[Saved data entries]
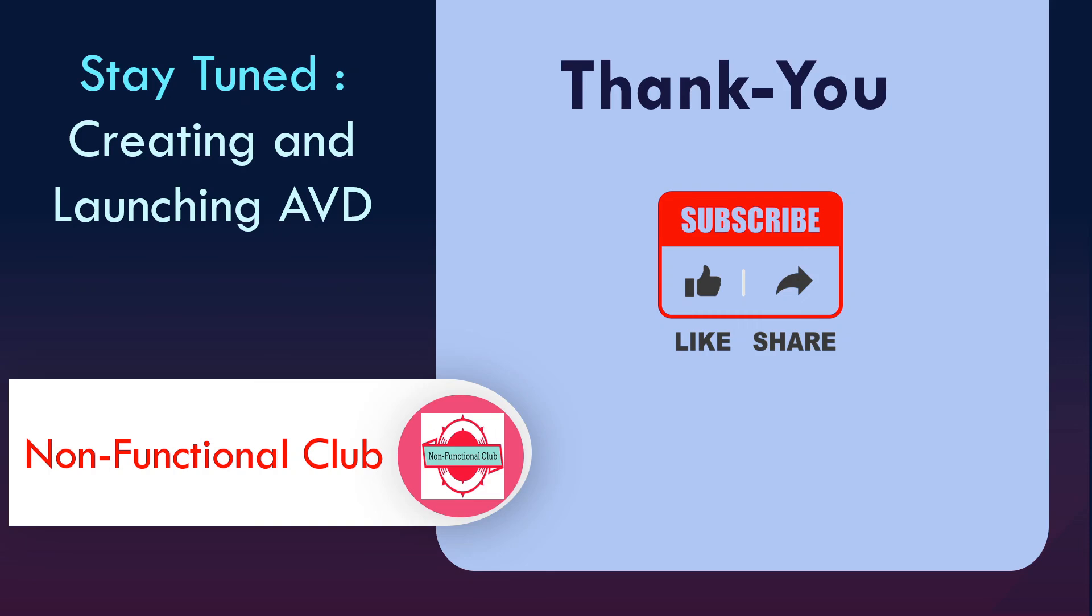In the next session, we'll be discussing how to create and launch Android Virtual Device, that is AVD. Hope this session was useful. Don't forget to subscribe to Non-Functional Club channel. Thank you.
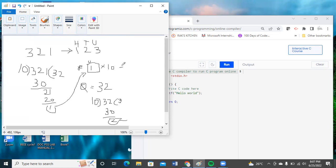After the second iteration, the reverse variable becomes 12. The coefficient becomes 3. Then we apply the same process: divide by 10, coefficient becomes 0, remainder is 3. We multiply the previous reverse value 12 by 10 to get 120, then add the current remainder 3, giving us 123 — which is the expected output.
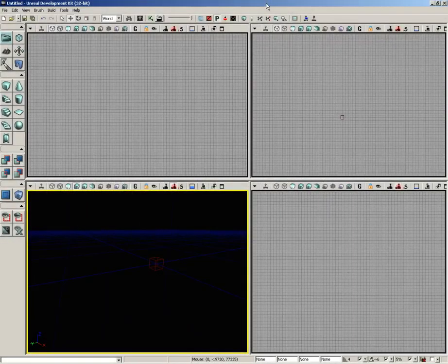Alright, in this video I want to go over the different types of viewports you have available here inside of UDK, and we'll also look at some basic navigation to help you start to move around through your level.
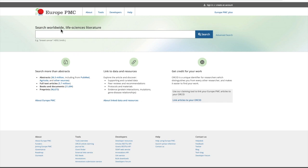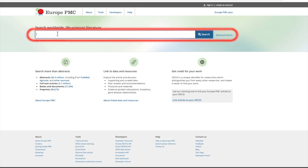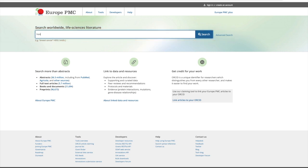Europe PMC provides a free text search direct from the main search box. To search for a topic of interest, enter your search terms directly into the main search box. For example, we will search for Honey Bee Reproduction.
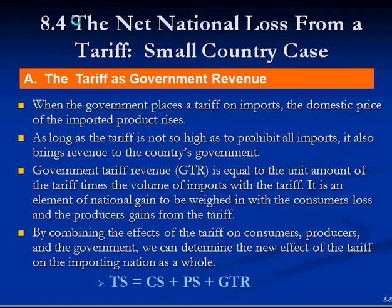Something to remember: when the government imposes a tariff on an import, the domestic price of the import product rises — that happens no matter what. As long as the tariff is not so high as to prohibit all imports, meaning other countries won't sell their products here because it's not profitable, it brings revenues to the country's government since it's collecting tax on everything it imports.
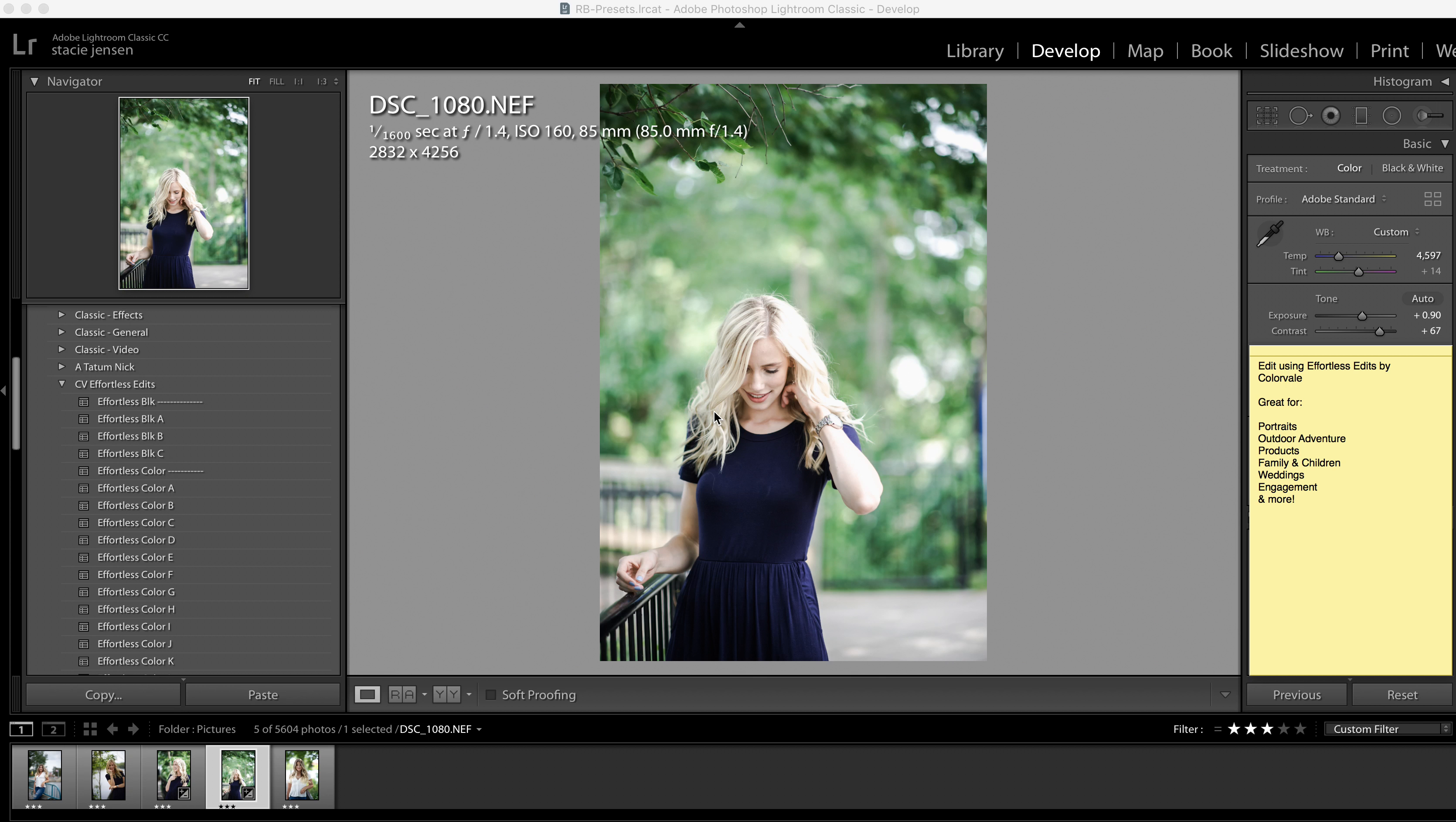Hello, Stacey Jensen from Colorville, and I am so excited to show you the new launch of the preset collection Effortless.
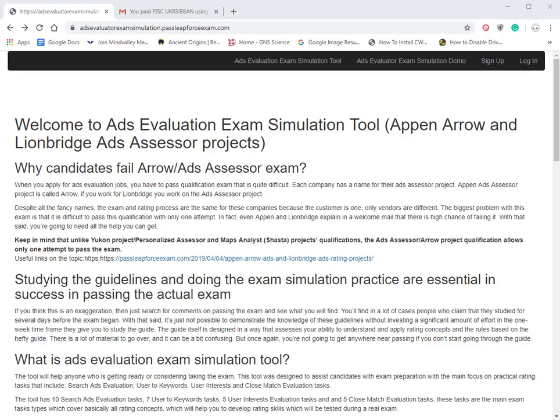With that in mind, having the guidelines and exam simulation practice are really essential for passing the actual exam. Why these companies don't have an exam tool is unknown, and this is the reason why PassLeapForceExam.com has created a tool to help people understand what the inside of the back end, like Rater Labs, looks like and how you actually do ADDS evaluations.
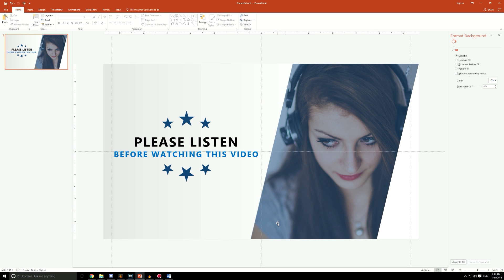Hello, hello, hello! YoYo from SlideCow here again! I hope you guys had a great week, and here we are with another video.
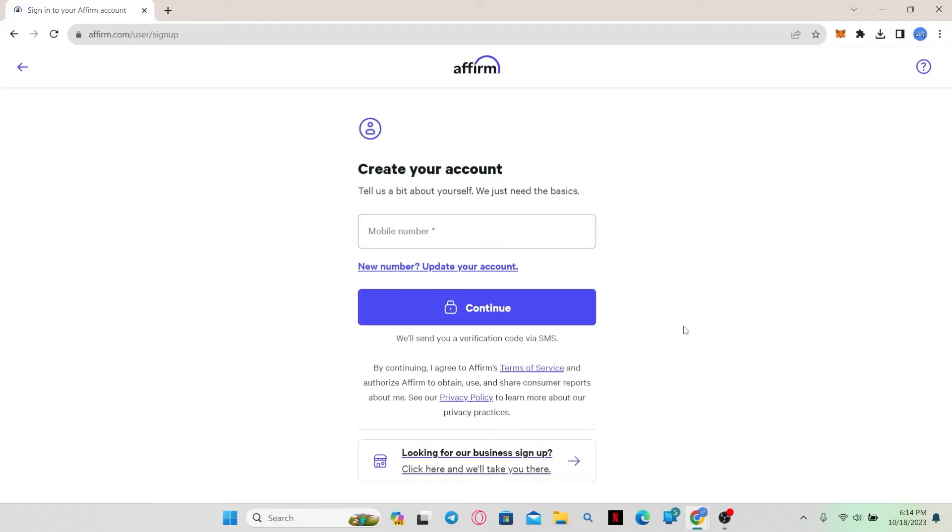Simply continue forth with entering your username and your desired password and as you scroll through the next options, your account will be created successfully on Affirm.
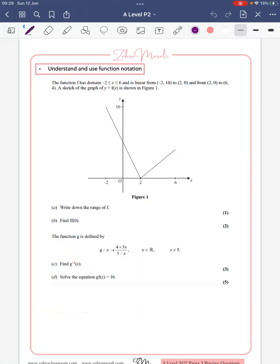We're going to be looking at function and function notation. We're given a domain — a domain is your x-values — so you've got your smallest x-value of minus two and your largest one of six, and here it's telling you it's equal to as well, which wouldn't otherwise be obvious.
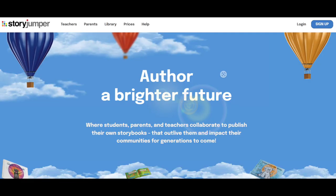And a third example is StoryJumper, where teachers can have the learners create a final collaborative product, such as a digital storybook. In these kinds of tasks, learners can recycle what they learned during previous accuracy practice and work towards fluency.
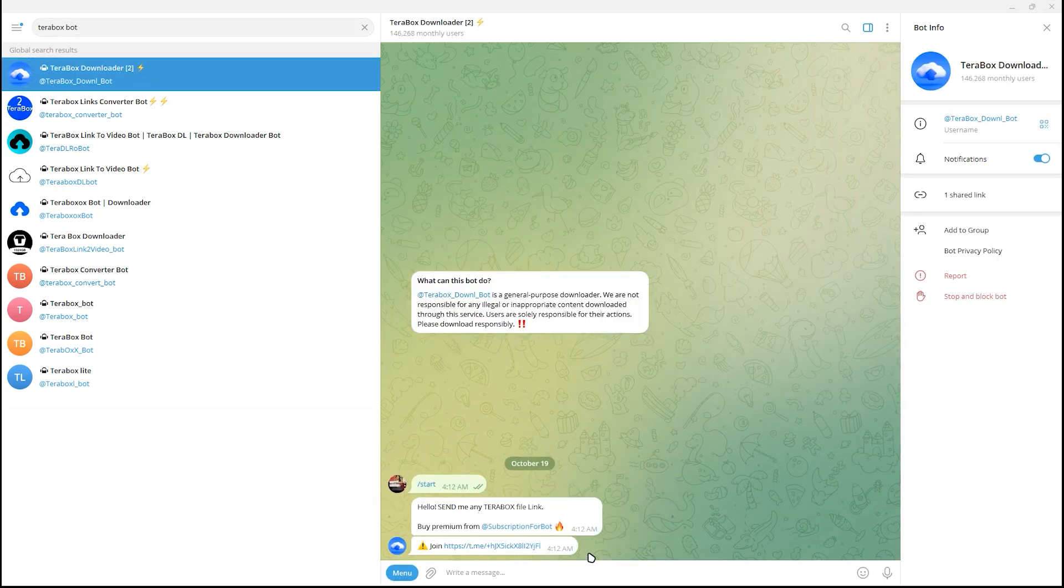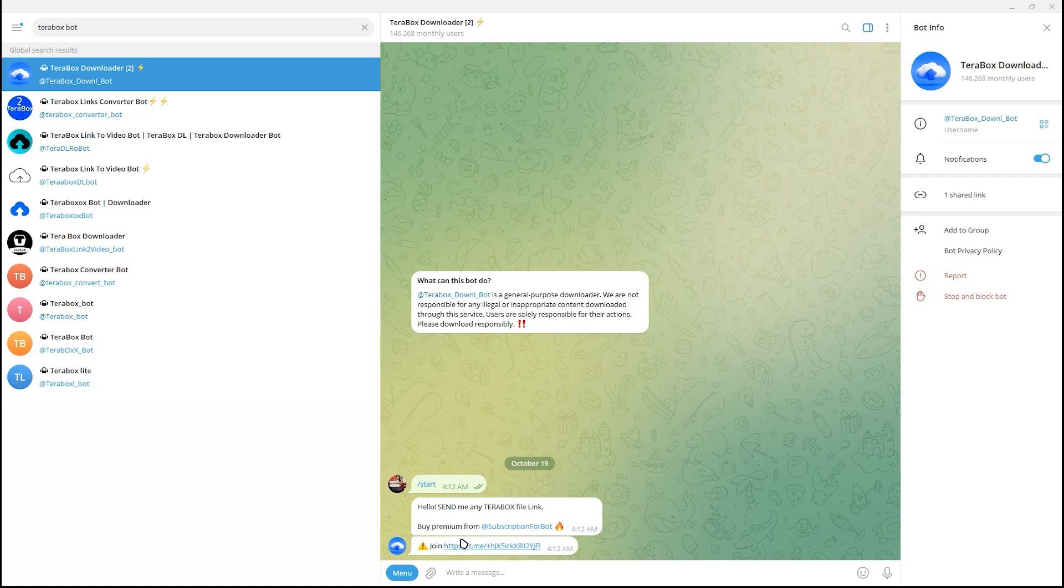Once you have started, you could join this and you could buy premium from subscription for the bot.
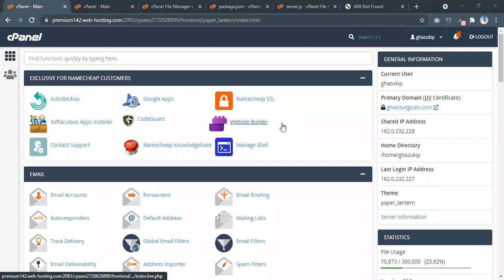Hi, so right now we are going to learn how to deploy the Node.js server on cPanel rather than on any VPS. Before, we have done a how-to deploy it on Heroku or something like DigitalOcean, but we haven't learned how to deploy it on the cPanel. It's pretty easy — easier than any other service.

[TASK TO COMPLETE] Restate word for word only the lines from where the entries begin through the one with "Europe PMC provides"; omit the pictures.

[OUTPUT OF THE EXERCISE]
In the next session, we'll be discussing how to create and launch Android Virtual Device, that is AVD. Hope this session was useful. Don't forget to subscribe to Non-Functional Club channel. Thank you.
After the second iteration, the reverse variable becomes 12. The coefficient becomes 3. Then we apply the same process: divide by 10, coefficient becomes 0, remainder is 3. We multiply the previous reverse value 12 by 10 to get 120, then add the current remainder 3, giving us 123 — which is the expected output.
Alright, in this video I want to go over the different types of viewports you have available here inside of UDK, and we'll also look at some basic navigation to help you start to move around through your level.
Europe PMC provides a free text search direct from the main search box. To search for a topic of interest, enter your search terms directly into the main search box. For example, we will search for Honey Bee Reproduction.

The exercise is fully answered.